- TASK STATEMENT: Return the records, each one exactly as written.

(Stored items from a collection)
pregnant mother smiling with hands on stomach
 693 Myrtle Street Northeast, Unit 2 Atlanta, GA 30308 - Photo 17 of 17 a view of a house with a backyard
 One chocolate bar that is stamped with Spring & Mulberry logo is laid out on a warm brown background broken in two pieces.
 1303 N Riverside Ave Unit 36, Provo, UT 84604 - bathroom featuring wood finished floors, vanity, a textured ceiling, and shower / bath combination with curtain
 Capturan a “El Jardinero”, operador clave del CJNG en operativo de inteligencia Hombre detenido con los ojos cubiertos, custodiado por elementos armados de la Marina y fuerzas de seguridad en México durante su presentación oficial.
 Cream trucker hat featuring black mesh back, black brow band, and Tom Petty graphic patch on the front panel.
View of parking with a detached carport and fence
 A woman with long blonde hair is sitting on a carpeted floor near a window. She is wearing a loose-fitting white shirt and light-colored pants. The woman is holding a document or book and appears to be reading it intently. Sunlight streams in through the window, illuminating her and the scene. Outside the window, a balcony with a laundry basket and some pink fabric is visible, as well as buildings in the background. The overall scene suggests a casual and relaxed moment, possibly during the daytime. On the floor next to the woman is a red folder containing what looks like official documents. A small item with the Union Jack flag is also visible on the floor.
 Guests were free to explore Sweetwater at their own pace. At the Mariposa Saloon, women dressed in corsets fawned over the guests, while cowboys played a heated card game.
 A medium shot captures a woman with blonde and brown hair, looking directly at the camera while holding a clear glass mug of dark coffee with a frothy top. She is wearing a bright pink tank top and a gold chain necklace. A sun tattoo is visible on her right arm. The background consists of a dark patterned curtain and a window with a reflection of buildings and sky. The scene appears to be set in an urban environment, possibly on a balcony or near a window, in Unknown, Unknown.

- WRITTEN SOLUTION:
pregnant mother smiling with hands on stomach
 693 Myrtle Street Northeast, Unit 2 Atlanta, GA 30308 - Photo 17 of 17 a view of a house with a backyard
 One chocolate bar that is stamped with Spring & Mulberry logo is laid out on a warm brown background broken in two pieces.
 1303 N Riverside Ave Unit 36, Provo, UT 84604 - bathroom featuring wood finished floors, vanity, a textured ceiling, and shower / bath combination with curtain
 Capturan a “El Jardinero”, operador clave del CJNG en operativo de inteligencia Hombre detenido con los ojos cubiertos, custodiado por elementos armados de la Marina y fuerzas de seguridad en México durante su presentación oficial.
 Cream trucker hat featuring black mesh back, black brow band, and Tom Petty graphic patch on the front panel.
View of parking with a detached carport and fence
 A woman with long blonde hair is sitting on a carpeted floor near a window. She is wearing a loose-fitting white shirt and light-colored pants. The woman is holding a document or book and appears to be reading it intently. Sunlight streams in through the window, illuminating her and the scene. Outside the window, a balcony with a laundry basket and some pink fabric is visible, as well as buildings in the background. The overall scene suggests a casual and relaxed moment, possibly during the daytime. On the floor next to the woman is a red folder containing what looks like official documents. A small item with the Union Jack flag is also visible on the floor.
 Guests were free to explore Sweetwater at their own pace. At the Mariposa Saloon, women dressed in corsets fawned over the guests, while cowboys played a heated card game.
 A medium shot captures a woman with blonde and brown hair, looking directly at the camera while holding a clear glass mug of dark coffee with a frothy top. She is wearing a bright pink tank top and a gold chain necklace. A sun tattoo is visible on her right arm. The background consists of a dark patterned curtain and a window with a reflection of buildings and sky. The scene appears to be set in an urban environment, possibly on a balcony or near a window, in Unknown, Unknown.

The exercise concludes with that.